2020-02-12 20:28:56,188 [Driver] WARN  com.spark.mypackage.CountRecords -  NUMBER OF PARTITIONS AFTER HDFS READ : 77926
+--------------------+-----+
|SPARK_PARTITION_ID()|count|
+--------------------+-----+
|               24354|   94|
|               26425|   96|
|               32414|   64|
|               76143|   32|
|               16861|   32|
|               30903|   64|
|               40335|   32|
|               64121|   64|
|               69042|   32|
|               32539|   64|
|               34759|   32|
|               41575|   32|
|                1591|   64|
|                3050|   98|
|               51772|   32|
+--------------------+-----+

2020-02-12 20:50:32,301 [Driver] WARN  com.spark.mypackage.CountRecords -  RECORD COUNT: 3999708

Solution

    1. Yes. Small files is not only a Spark problem. It causes unnecessary load on your NameNode. You should spend more time compacting and uploading larger files than worrying about OOM when processing small files. The fact that your files are less than 64MB / 128MB, then that's a sign you're using Hadoop poorly.

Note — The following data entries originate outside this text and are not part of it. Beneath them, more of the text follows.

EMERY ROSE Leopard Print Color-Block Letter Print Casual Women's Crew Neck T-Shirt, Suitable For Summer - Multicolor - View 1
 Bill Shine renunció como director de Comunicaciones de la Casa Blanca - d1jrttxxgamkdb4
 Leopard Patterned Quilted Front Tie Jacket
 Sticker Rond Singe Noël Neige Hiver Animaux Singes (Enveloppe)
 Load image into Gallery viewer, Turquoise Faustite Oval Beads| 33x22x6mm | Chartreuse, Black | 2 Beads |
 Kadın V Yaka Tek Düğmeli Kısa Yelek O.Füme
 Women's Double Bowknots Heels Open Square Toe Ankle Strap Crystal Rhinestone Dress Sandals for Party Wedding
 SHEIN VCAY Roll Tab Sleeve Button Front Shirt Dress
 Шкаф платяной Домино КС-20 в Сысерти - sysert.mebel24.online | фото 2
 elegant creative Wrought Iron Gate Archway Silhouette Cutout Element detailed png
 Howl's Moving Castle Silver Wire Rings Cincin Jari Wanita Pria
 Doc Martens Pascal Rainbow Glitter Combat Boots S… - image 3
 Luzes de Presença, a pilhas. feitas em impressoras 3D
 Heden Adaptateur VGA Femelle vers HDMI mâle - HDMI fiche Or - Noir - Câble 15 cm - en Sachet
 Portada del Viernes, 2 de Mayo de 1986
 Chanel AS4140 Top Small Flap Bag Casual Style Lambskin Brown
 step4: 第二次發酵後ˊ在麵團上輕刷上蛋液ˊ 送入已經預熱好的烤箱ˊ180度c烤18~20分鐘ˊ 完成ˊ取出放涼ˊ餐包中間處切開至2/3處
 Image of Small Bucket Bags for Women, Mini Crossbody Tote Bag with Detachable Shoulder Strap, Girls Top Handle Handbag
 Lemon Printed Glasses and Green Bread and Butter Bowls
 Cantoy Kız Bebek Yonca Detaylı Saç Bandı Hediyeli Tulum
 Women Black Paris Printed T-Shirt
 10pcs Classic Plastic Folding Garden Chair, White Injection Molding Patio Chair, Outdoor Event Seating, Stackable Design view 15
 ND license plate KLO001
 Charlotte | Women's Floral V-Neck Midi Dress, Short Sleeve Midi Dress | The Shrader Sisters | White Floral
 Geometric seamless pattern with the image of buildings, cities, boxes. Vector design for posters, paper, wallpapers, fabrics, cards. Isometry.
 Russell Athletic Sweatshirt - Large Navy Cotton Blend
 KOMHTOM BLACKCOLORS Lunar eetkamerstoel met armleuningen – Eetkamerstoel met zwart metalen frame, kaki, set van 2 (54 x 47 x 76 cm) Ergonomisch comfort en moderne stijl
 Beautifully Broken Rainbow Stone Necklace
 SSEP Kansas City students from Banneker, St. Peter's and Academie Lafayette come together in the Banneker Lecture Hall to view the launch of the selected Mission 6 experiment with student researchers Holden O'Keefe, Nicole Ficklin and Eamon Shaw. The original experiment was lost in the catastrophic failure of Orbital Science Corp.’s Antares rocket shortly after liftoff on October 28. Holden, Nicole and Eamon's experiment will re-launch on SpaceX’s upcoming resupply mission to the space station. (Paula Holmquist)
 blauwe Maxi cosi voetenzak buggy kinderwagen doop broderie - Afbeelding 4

    2. Something like spark.read("hdfs://path").count() would read all the files in the path, then count the rows in the Dataframe

    3. There is no hard-set number. You need to enable JMX monitoring on your jobs and see what the heap size is reaching. Otherwise, arbitrarily double the current memory you're giving the job until it starts not getting OOM. If you start approaching more than 8GB, then you need to consider reading less data in each job by adding more parallelization.


    FWIW, Kafka Connect can also be used to output partitioned HDFS/S3 paths.